Using Mezzanine
Financing in Minority Ownership Recapitalizations
An Effective Way to Transfer Ownership
By Samir Desai, Vice President, Key Principal
Partners
Tough decisions loom in the distance for entrepreneurs aged 50 and
older. As retirement nears, the pressures of maintaining their
businesses and planning for their future increase, and questions
of “what next?” abound. Characteristic of baby boomers, this
generation is hesitant to relinquish control of the companies
they’ve spent years nurturing, but they also no longer want to
hold an equity stake in those businesses. Mezzanine financing
provides an option for those entrepreneurs who want to free up
money and time while keeping a firm hand on the business. This
type of financing is especially useful for boomers looking for a
succession plan. While traditional regulations and restrictions
often limit the ability of business owners to exchange portions of
ownership for cash, minority ownership recapitalizations allow
boomer entrepreneurs to take some chips off the table. These funds
can be funneled into other retirement vehicles – ensuring that
their retirement fund is well diversified – or boomers can use the
cash immediately. In addition, the owner’s interest in the company
has not been completely removed, allowing him or her to enjoy
future company earnings and profits.
Ownership Transfer
Minority ownership recaps are also an effective way to transfer business ownership from one generation to the next. Business owners face
several challenges when transferring a company to their heirs.

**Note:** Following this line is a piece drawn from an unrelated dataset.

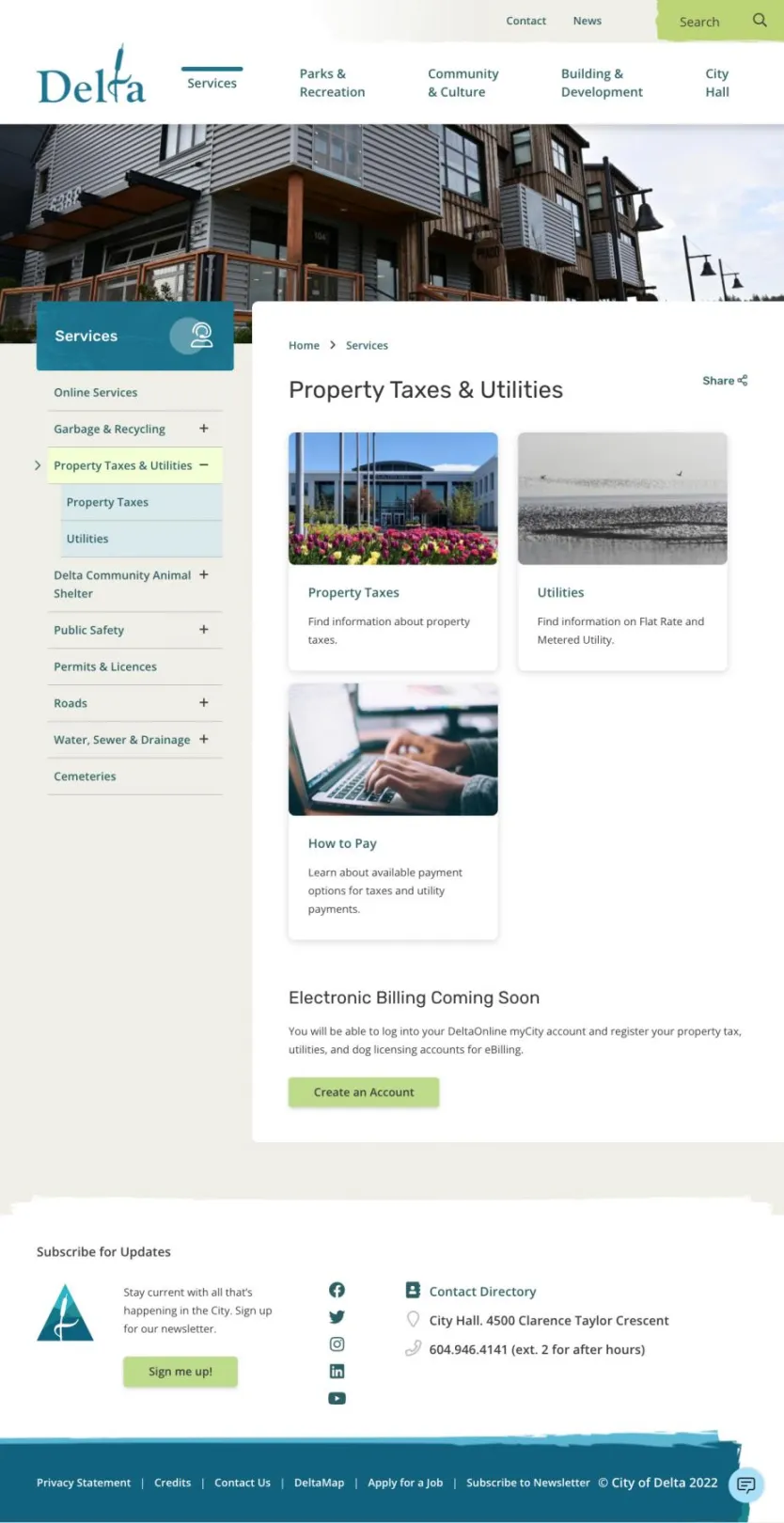 Screenshot of the property taxes & utilties page.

The owners need to be provided with funds for retirement; they
usually want to avoid requiring heirs to have capital equal to the company’s value, and they desire to keep majority ownership and control of the company within the family. With minority recapitalizations, owners are able to reduce the amount of shares they hold in
the business without selling off
their stake.
Financial burdens for the business owners’ successors are then
avoided. Before considering a
minority ownership recap, however, boomer business owners should have a solid understanding of the uses, terms and providers of
mezzanine financing. As the name suggests, mezzanine capital fills the gap between what the senior bank
is willing to lend, the available equity and the total need for the transaction. In order to determine the maximum debt capacity of a company, issuers and investors will consider a ratio of total funded
debt-to-EBITDA of 4. Other
factors that are considered include the company’s industry, amount of recurring capital expenditures for the business and strength and depth of the management team.

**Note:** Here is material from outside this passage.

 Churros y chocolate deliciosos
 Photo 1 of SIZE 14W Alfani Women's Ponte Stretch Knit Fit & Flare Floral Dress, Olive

Understanding Mezz Financing
Mezzanine or subordinated debt is inherently a debt product, with a governing loan agreement and norms that control the underlying security. The term of subordinated debt is longer than conventional bank financing, with maturities ranging from five to 10 years, with minimal amortization during the early periods and larger or bullet payments near or at the maturity date.
Equally as important as a knowledge of the uses and terms of mezzanine financing is an understanding of the types of mezzanine providers.
Not all mezzanine providers are
created equal. Most firms fall
into the category of “sponsored mezzanine.” Sponsored mezzanine firms utilize mezzanine financing to round out the capital structure of a company when it’s being purchased.
There are a few private equity
firms that focus on “sponsorless
mezzanine” in which the mezzanine provider invests directly into a
situation where the stakeholders
are not professional investor –
typically, a privately held or
family-held business.
When considering a sponsorless transaction, business owners should
interview the mezzanine provider on its investment philosophy and
conduct reference checks with existing and previous portfolio
companies (including those that have not performed well) to
understand how the provider reacts during adverse circumstances.
Mezzanine financing may not be the right fit for every boomer
business owner thinking about retirement, but a minority ownership
recapitalization can provide an ideal financing option for those
in certain circumstances, including when it is time to pass the
business on to a family member without the successor having to buy
the business outright.
Other situations that may be opportune for a mezzanine financing
transaction are when business owners want to raise capital to
expand the business or when owners of a privately held company
seek a liquidity event but do not want to give up economic or
operational control. Whatever the situation, when executed
properly, and with the right provider, mezzanine financing can let
boomer business owners have their cake and eat it too.